Revenue Cycle Management Blog | Revele

5 Hidden Ways Your Medical Practice is Losing Revenue

Written by Kaitlyn Houseman | June 17, 2015

According to recent studies, approximately 25%-30% of all medical practice income is lost due to incorrect coding, underpricing, missed or never submitted charges, and nonexistent or improper follow-up. Physician practices have to have a comprehensive and strategic approach to medical billing that involves a skilled personnel mix, from those who schedule appointments to those who follow up with insurers about denied claims. Many practices have switched or are switching to electronic health record (EHR) systems, expecting them to solve medical billing problems.

While EHR solutions can accomplish a lot of initiatives when chosen and implemented well, alone they aren't a panacea for medical billing problems. And it's not always obvious why revenues are falling, which can be frustrating. Here are 5 hidden ways your medical facility could be losing revenue.


1. Features of Some Free EHRs Can Actually Drive Patients Away

Free EHR systems can be tempting. Typically paid for by ads, these systems may seem like an obvious solution for a practice that needs to both raise efficiency and control costs. However, if you're not careful in choosing and implementing a free EHR, features you're not aware of could turn patients off.

Some systems, for example, email product reviews to patients in emails that appear to be directly from the doctor. Doctors may not be aware this is happening. Patients concerned about what is being done with their data may find such features off-putting enough to make them change providers.

2. Not Syncing Maintenance Meds With Patient Follow-Up Visits

Electronic prescribing can be a tremendous time-saver, but only if patients understand how it works and doctors try to synchronize follow-up appointments with a patient's need for refills. If follow-ups and prescription refills don't coordinate time-wise, your practice may receive too many phone calls for refill requests, placing added stress on your office staff's (and your) time.

But when follow-ups coordinate with refill schedules, your staff will have to field far fewer such phone calls, freeing up their time for more revenue-positive tasks.

3. Overstaffing After Successful EHR Implementation

It only makes sense to increase staff during the switch from paper records to an EHR system. The process itself is major and requires more hands. Plus you will probably continue to operate your practice during the transition. And once everything is installed, there will be a period where everyone is learning the new system and how it meshes with practice workflows.

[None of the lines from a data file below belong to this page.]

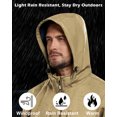 thumbnail image 4 of Zoofly Men's Waterproof Fleece Lined Softshell Jackets, 4 of 6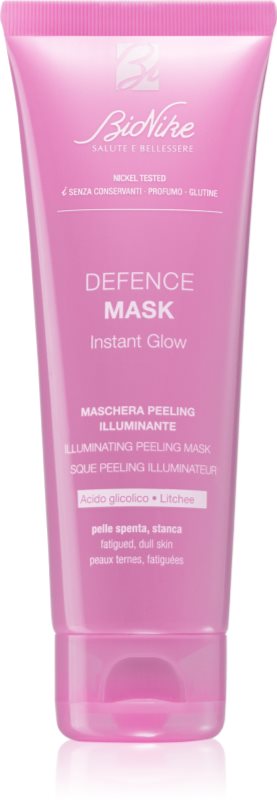 BioNike Defence Mask masca radianta pentru peeling pentru ten obosit 75 ml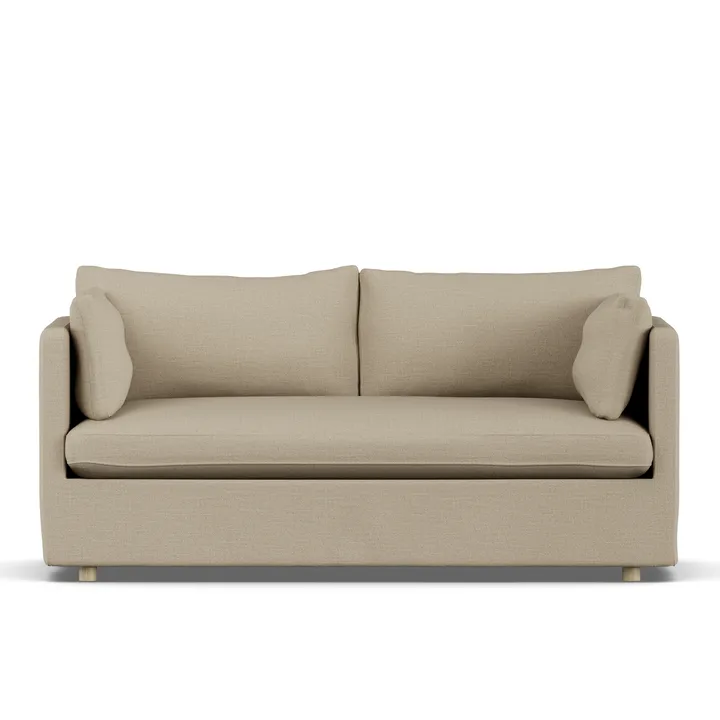 Linnevik soffa - Same Sand 6672-vitoljad ek, 2-sits, med kappa - 1898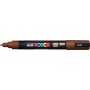 Uni-Ball Posca Ανεξίτηλος Μαρκαδόρος 1.8-2.5mm Καφέ (PC5M) Uni-Ball Posca Ανεξίτηλος Μαρκαδόρος 1.8-2.5mm Καφέ (PC5M)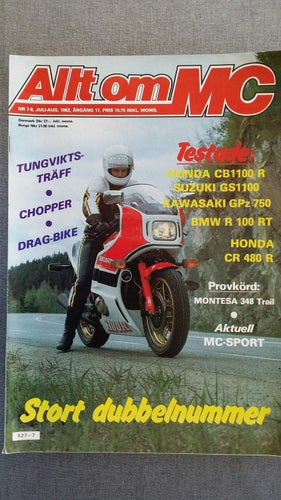Allt om MC nr 7-8 1982: Suzuki GS 1100, Honda CB 1100 R + CR 480 R, BMW R100RT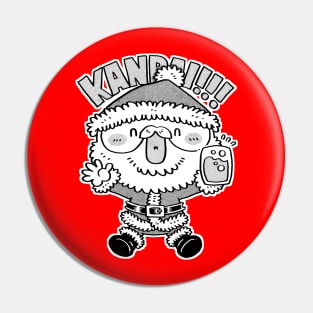 CUTE SANTA CLAUS CHEERING KANPAI Pin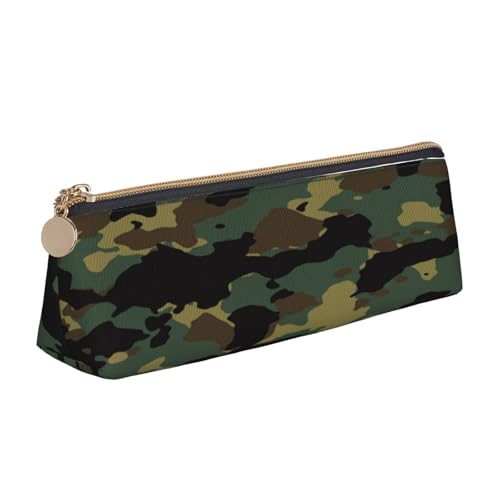 Leder-Federmäppchen, Federmäppchen, Camouflage-Muster, Reißverschluss, Stifteetui für Arbeit, Büro, für Männer und Frauen Leder-Federmäppchen, Federmäppchen, Camouflage-Muster, Reißverschluss, Stifteetui für Arbeit, Büro, für Männer und Frauen von POKIKKJH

But once the transition is complete and everyone is trained and comfortable, you don't need to maintain those high staffing levels you had during the changeover. You should have gained enough efficiencies that you won't need some of the staff you had when records were on paper.

4. Too Many No-Shows

Having a policy for charges for repeated no-shows is one way to discourage them, but if your practice experiences a lot of no-shows, you need to determine why that is and how to address it. Your EHR system may include an automated appointment reminder feature, and if so, you should use it.

Reminders by phone and text message are popular and effective. Timing reminder calls is important too. If your office calls someone at the end of the day to remind them of an appointment and that person doesn't pick up, they may try to call to reschedule or cancel after your office closes, ultimately resulting in another no-show.

5. Claim Rejection Rates Are Too High

ICD-10 coding could cause a drop in first-pass claim rates while denial rates could jump an estimated 100 to 200 percent in the early stages of the transition to ICD-10. If your claim rejection rates are high now then you are going to extremely overwhelmed with rejections with ICD-10.

Figuring out why your claims are being rejected now will help you take action to prevent future rejections and have a successful ICD-10 transition. Ask yourself if rejected claims are mostly attributable to one insurer? Do they have something in common, such as a particular diagnosis or procedure code? Are you able to successfully appeal the denials? Answering these questions will help you investigate the true cause of rejections and see where your revenue isn't performing.

Practices that are losing money may have inefficiencies that could be hidden. There are many hidden ways revenue can drain from a practice. Understanding where your practice is losing revenue can help you determine a strategy and process to fix the issues before it is too late.